Supplied information:

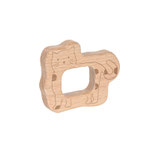 Beißring Holz 4-teilig, Little Mateys - LÄSSIG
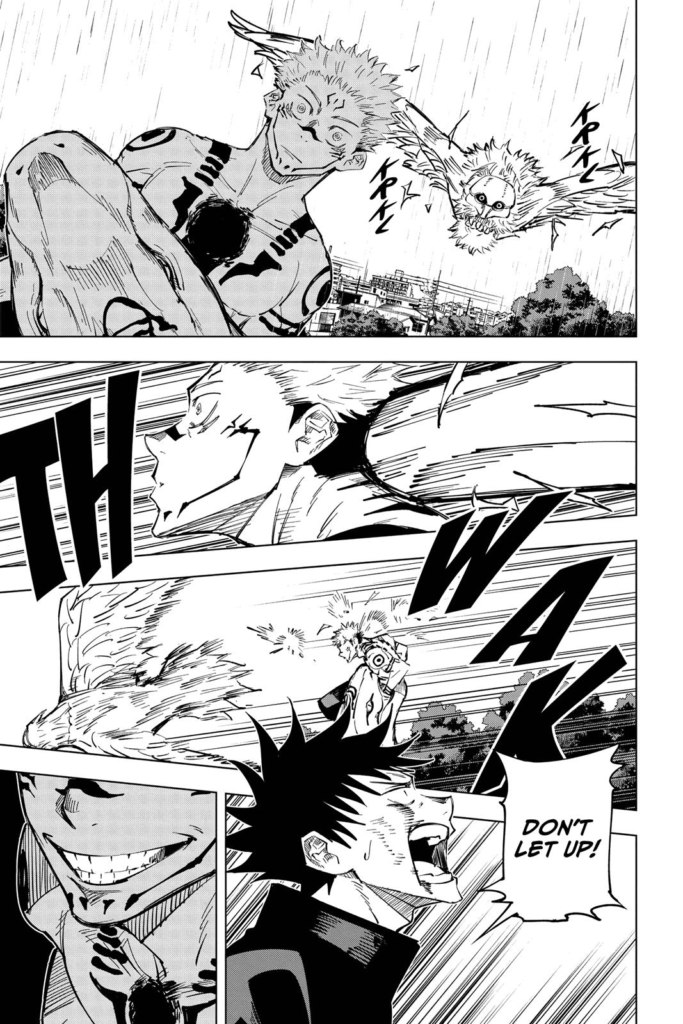 Jujutsu Kaisen, Chapter 9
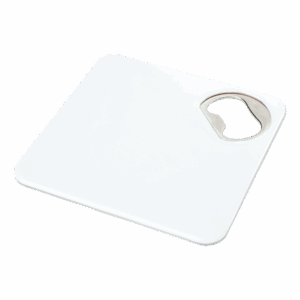 Coaster With Bottle Opener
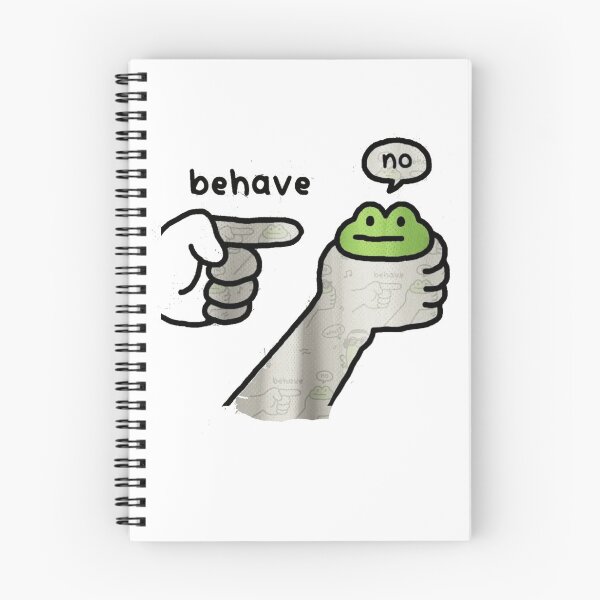 Item preview, Frog -behave no designed and sold by Gbriel3.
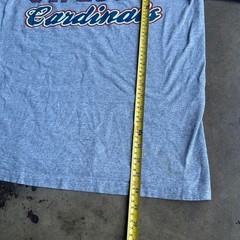 Vintage 90s logo 7 property of St. Louis cardinals tee size XL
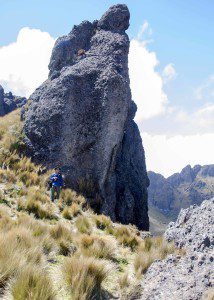 Reaching the Rocky Points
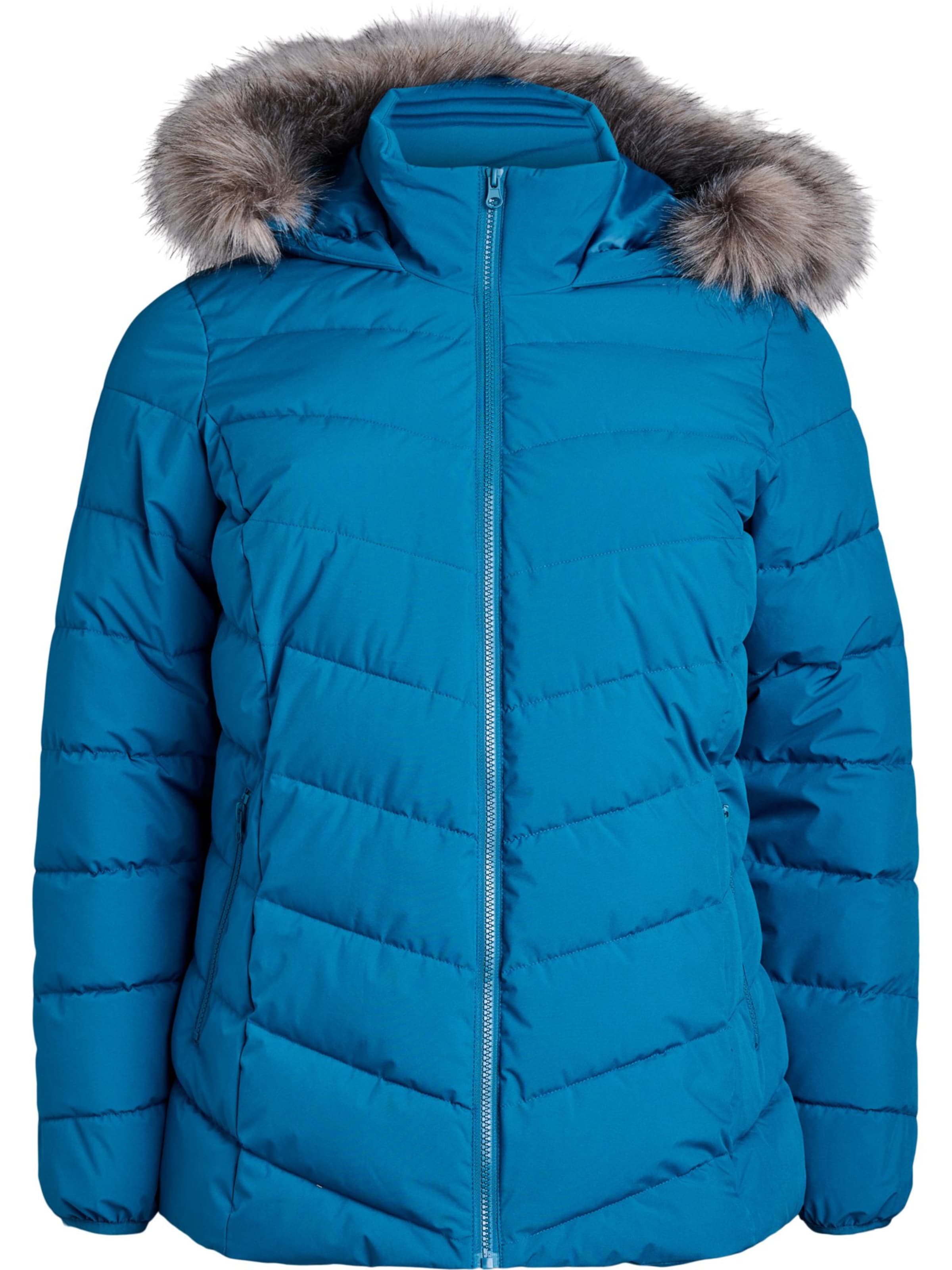 Zizzi Зимно яке 'CAJULIA' в синьо: отпред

The problem: Please set down, exactly and with nothing added, the lines from the line with "Item preview, Frog" to the end of the entries above, omitting pictures.

Answer space:
 Item preview, Frog -behave no designed and sold by Gbriel3.
 Vintage 90s logo 7 property of St. Louis cardinals tee size XL
 Reaching the Rocky Points
 Zizzi Зимно яке 'CAJULIA' в синьо: отпред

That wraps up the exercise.